July 2, 2013: Yesterday, provisions of the new firearms legislation passed in Colorado and Connecticut earlier this year became effective.  The newly effective provisions in Colorado include limiting ammunition magazines to 15 rounds and universal background check requirements.  In Connecticut, the forms required to obtain certificates to purchase shotguns, rifles and ammunition became available yesterday.  For more information on the Colorado legislation click here.  For more information on the Connecticut legislation click here.

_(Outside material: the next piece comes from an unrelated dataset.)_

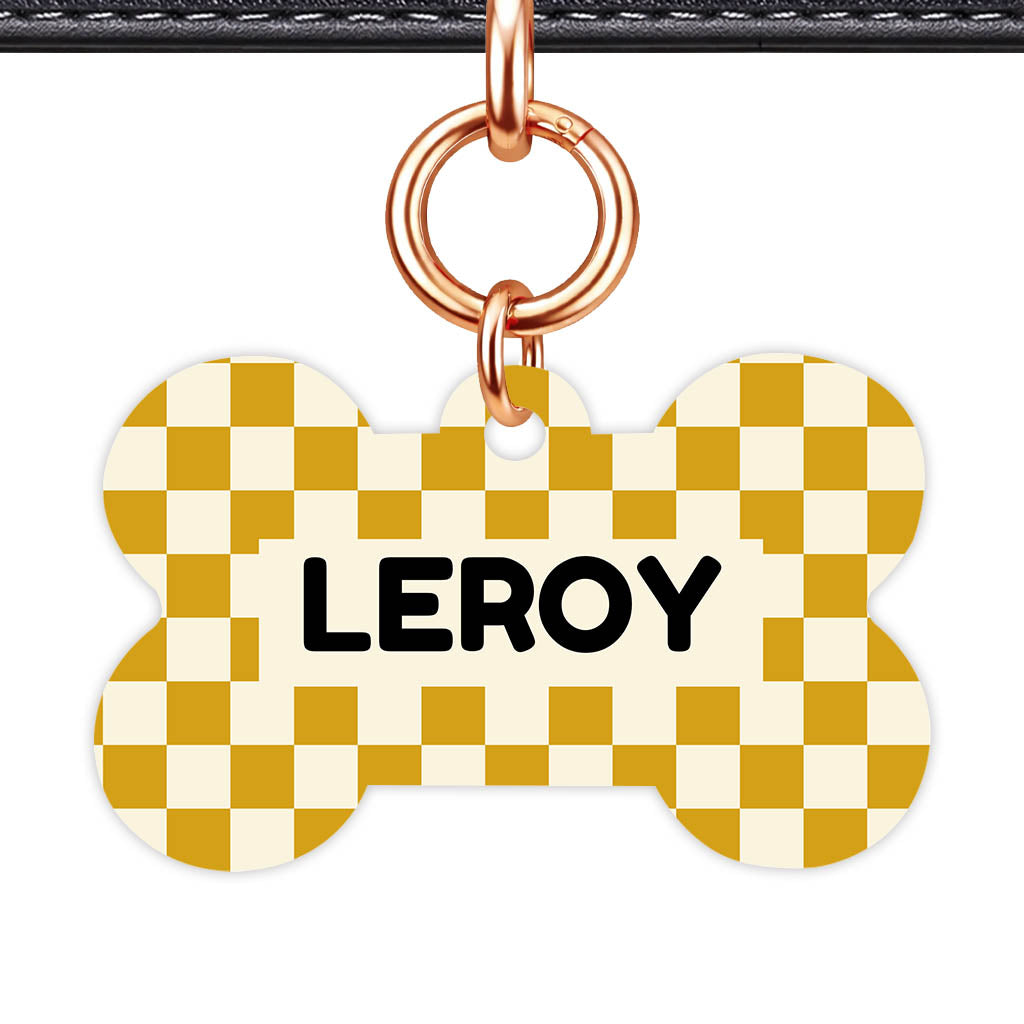 Mustard Check Classic Pet ID Tag (Dog Tag & Cat Tag)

Gov. Cuomo recently filed a motion to dismiss the federal lawsuit which claims the NY SAFE Act (“the Act”) is unconstitutional.  In his 93 page motion the Governor advances the following arguments:

  • That the 2nd Amendment is not infringed because the Act only bans weapons with “uniquely military” features which he contends are heavily associated with “mass shootings” and “criminal activity.”  His support, however, is largely limited to a recitation of the same anti-gun statistics which have been tossed around in the media for far too long and fail to address the arguments and evidence that the law will not reduce crime because criminals do not follow the law in the first place.
  • On the issue of vagueness, the Governor points out that much of the language complained of by the plaintiffs has been used in New York’s prior statutory law for many years without any lack of certainty in its meaning.  The Governor further cites numerous instances in which other courts have upheld the same language used in the Act and distinguishes the authority cited by the plaintiffs.
  • The Governor also contends, albeit without any discussion or analysis, that the organizational plaintiffs lack standing to bring the claims on behalf of their members, and that the business plaintiffs also lack standing because there is “no Second Amendment right to sell firearms.”

When asked about the motion, counsel for the plaintiffs indicated that, despite the Governor’s claims, the weapons banned by the Act are not “uniquely military,” and that the plaintiffs are confident they “can prove that the firearms banned in the law are commonly and lawfully possessed” as permitted by Heller.  Plaintiffs’ counsel further noted that the “the main feature of a military-type weapon is a fully automatic that keeps firing,” and that “features such as stock shape, pistol grip, and adjustable shoulder strap are not sufficient reasons for designating a firearm an assault weapon.”

The plaintiffs have until July 15 to oppose the Governor’s motion to dismiss.  In addition, three new entities, the  Law Center to Prevent Gun Violence, New Yorkers Against Gun Violence and Moms Demand Action for Gun Sense in America, have now sought leave to submit briefs as amicus curiae.